Chereads / Abangku Seorang Bad Boy / Chapter 16 - 16 Restu

Chapter 16 - 16 Restu

Wajar bila Kay terkejut karena aku memang belum sempat menceritakan perihal permintaan kak Dimas. Aku hanya bisa tersenyum salah tingkah tanpa bisa menjawab apapun.

"Saya nggak bisa janji Tante. Soalnya duh… gimana ya… ya pokoknya saya harap sih kak Dimas bisa cari teman yang lain. Saya nggak bisa menjanjikan hal itu nanti, nggak ada yang tahu apa yang akan terjadi selanjutnya," jawabku berputar-putar.

"Pantes aja Dimas seneng banget ngomongin kamu, ternyata kamu memang istimewa.."

Aku makin tak bisa berkata-kata karena jawaban yang ku buat seabstrak mungkin malah makin menyudutkanku. Kayla mencoba meminta penjelasan padaku dengan menyikut tanganku. Tapi tak ku pedulikan karena aku benar-benar seperti orang bodoh.

"Tante… ini bagus nggak?"

Mataku membelalak kaget melihat Varisa yang tau-tau sudah ada di depanku dengan membawa sebuah dress selutut berwarna merah menyala. Dan aku juga bisa melihat Varisa merasakan hal yang sama ketika melihatku.

"Kamu disini juga Nit? Oh sama Ka- siapa namanya aku lupa… ohh… Kayla. Kalian janjian ke sini juga sama Dimas?" Tanya Varisa sok akrab.

"Enggak kok. Ini kebetulan ketemu aja. Ya udah kita pergi dulu ya semuanya, mari Tante…" kata Kay menarikku dari situasi menyebalkan.

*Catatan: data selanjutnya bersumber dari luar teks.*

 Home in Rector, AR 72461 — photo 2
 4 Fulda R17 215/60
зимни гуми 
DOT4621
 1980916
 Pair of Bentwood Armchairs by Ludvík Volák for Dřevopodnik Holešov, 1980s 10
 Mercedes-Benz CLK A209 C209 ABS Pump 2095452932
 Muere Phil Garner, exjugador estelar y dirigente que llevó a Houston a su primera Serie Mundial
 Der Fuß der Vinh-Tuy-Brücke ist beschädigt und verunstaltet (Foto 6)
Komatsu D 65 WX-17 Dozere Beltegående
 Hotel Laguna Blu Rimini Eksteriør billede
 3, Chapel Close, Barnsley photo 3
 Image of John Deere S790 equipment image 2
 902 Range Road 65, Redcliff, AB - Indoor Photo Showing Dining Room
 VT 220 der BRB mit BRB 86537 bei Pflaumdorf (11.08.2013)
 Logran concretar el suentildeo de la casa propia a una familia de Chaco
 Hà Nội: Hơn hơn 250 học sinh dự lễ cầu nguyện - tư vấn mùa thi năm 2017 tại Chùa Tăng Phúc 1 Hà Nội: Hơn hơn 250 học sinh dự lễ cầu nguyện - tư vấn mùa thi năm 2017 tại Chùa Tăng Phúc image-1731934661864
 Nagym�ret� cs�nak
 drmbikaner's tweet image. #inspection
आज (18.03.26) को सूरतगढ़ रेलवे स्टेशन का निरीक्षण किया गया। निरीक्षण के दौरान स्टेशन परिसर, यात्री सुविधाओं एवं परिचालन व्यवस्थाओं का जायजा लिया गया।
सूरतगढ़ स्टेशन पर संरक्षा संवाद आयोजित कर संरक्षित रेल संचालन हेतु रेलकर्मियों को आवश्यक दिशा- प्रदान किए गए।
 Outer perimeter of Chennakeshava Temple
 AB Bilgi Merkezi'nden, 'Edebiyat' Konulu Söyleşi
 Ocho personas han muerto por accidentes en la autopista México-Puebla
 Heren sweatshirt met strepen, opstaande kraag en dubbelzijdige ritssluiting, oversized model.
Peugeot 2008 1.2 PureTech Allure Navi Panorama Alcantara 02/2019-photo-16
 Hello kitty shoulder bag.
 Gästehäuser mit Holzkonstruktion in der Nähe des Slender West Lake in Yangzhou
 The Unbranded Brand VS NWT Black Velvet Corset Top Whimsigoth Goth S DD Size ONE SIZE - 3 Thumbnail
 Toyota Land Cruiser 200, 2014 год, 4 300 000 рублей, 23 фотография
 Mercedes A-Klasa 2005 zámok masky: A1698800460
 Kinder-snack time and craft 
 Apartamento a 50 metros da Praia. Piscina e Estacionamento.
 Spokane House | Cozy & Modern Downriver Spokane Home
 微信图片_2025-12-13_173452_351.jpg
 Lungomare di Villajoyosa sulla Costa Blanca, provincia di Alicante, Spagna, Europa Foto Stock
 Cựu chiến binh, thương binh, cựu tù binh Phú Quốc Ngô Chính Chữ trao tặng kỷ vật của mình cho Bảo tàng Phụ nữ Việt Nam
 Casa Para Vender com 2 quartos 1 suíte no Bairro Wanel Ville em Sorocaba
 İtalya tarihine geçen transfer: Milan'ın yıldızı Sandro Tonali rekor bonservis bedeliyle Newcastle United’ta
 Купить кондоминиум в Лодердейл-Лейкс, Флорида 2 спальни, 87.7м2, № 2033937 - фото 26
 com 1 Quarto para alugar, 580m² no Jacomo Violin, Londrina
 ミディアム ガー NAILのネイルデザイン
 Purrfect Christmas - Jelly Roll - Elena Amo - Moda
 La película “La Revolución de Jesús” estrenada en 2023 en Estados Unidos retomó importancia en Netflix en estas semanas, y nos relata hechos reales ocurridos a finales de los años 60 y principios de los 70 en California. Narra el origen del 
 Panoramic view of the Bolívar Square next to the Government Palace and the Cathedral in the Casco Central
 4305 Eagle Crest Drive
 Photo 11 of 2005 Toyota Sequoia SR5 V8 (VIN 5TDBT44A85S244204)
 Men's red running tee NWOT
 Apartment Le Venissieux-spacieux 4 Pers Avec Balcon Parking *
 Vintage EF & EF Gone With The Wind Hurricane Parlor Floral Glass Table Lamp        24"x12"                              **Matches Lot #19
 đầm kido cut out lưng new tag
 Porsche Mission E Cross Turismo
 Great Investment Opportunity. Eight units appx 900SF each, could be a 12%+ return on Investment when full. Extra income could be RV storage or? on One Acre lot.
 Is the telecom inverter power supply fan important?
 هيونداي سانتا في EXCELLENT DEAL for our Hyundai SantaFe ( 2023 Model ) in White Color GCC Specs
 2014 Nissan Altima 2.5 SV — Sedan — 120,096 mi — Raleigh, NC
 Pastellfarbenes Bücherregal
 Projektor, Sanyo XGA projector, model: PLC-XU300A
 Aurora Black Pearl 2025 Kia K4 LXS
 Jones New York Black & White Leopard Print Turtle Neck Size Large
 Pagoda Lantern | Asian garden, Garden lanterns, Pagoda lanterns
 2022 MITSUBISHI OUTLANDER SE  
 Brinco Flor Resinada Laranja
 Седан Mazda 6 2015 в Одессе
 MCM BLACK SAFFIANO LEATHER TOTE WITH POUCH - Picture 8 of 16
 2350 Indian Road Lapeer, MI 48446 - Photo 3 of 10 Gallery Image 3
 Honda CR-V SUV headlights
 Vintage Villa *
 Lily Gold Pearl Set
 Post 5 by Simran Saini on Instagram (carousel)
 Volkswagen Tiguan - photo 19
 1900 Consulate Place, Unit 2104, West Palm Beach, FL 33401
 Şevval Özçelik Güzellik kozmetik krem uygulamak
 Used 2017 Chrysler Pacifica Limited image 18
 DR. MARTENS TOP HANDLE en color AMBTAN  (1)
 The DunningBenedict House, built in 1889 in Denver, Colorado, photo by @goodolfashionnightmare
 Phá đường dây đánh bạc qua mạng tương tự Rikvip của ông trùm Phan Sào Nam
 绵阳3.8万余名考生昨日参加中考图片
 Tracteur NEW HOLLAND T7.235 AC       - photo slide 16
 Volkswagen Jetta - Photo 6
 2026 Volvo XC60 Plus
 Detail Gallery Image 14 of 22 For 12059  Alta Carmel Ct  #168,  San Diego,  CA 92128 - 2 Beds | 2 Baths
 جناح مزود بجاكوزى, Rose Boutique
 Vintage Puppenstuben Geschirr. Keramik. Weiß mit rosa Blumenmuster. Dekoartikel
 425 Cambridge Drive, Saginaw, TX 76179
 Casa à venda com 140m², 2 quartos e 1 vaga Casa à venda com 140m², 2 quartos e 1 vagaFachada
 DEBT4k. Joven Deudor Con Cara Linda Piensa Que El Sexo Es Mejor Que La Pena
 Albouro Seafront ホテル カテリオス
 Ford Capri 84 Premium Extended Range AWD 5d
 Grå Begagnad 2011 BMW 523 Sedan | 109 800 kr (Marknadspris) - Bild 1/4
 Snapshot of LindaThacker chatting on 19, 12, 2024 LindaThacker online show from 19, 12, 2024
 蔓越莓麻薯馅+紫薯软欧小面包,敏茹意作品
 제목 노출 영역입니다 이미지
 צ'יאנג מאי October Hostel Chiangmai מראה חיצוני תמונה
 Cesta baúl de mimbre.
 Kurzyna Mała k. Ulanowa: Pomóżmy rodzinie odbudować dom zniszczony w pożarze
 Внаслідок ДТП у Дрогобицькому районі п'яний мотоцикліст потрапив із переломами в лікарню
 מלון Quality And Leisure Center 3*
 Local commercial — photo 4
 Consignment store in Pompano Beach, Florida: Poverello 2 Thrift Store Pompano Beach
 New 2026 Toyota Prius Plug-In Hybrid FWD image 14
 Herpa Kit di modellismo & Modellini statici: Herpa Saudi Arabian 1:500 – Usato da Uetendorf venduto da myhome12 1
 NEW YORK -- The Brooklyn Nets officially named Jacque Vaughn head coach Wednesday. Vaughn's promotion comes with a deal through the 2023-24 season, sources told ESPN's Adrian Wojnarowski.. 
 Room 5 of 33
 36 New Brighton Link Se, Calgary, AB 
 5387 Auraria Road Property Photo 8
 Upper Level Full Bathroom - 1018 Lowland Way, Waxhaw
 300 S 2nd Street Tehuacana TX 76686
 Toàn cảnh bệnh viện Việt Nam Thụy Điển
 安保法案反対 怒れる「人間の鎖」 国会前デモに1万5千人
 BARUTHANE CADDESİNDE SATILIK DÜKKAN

"Tunggu Nit!! Kenapa buru-buru sih, temenin aku dulu pilih keperluan besok," kata kak Dimas menahan tanganku.

Bu Ayu tampak tersenyum melihat kelakuan anaknya yang justru membuatku serba salah. Ditambah tatapan sinis Varisa yang seolah mengulitiku habis.

"Udah turutin aja kemauan anak manja ini ya Nita. Tolong kamu temenin dia, jarang-jarang dia itu menunjukkan sifat aslinya pada orang lain. Biasanya cuma dirumah aja dia bersikap manja. Kalau sampai ditunjukkan ke orang lain itu berarti tuh orang spe-" ucapan Tante Ayu terhenti karena kak Dimas segera menyelanya.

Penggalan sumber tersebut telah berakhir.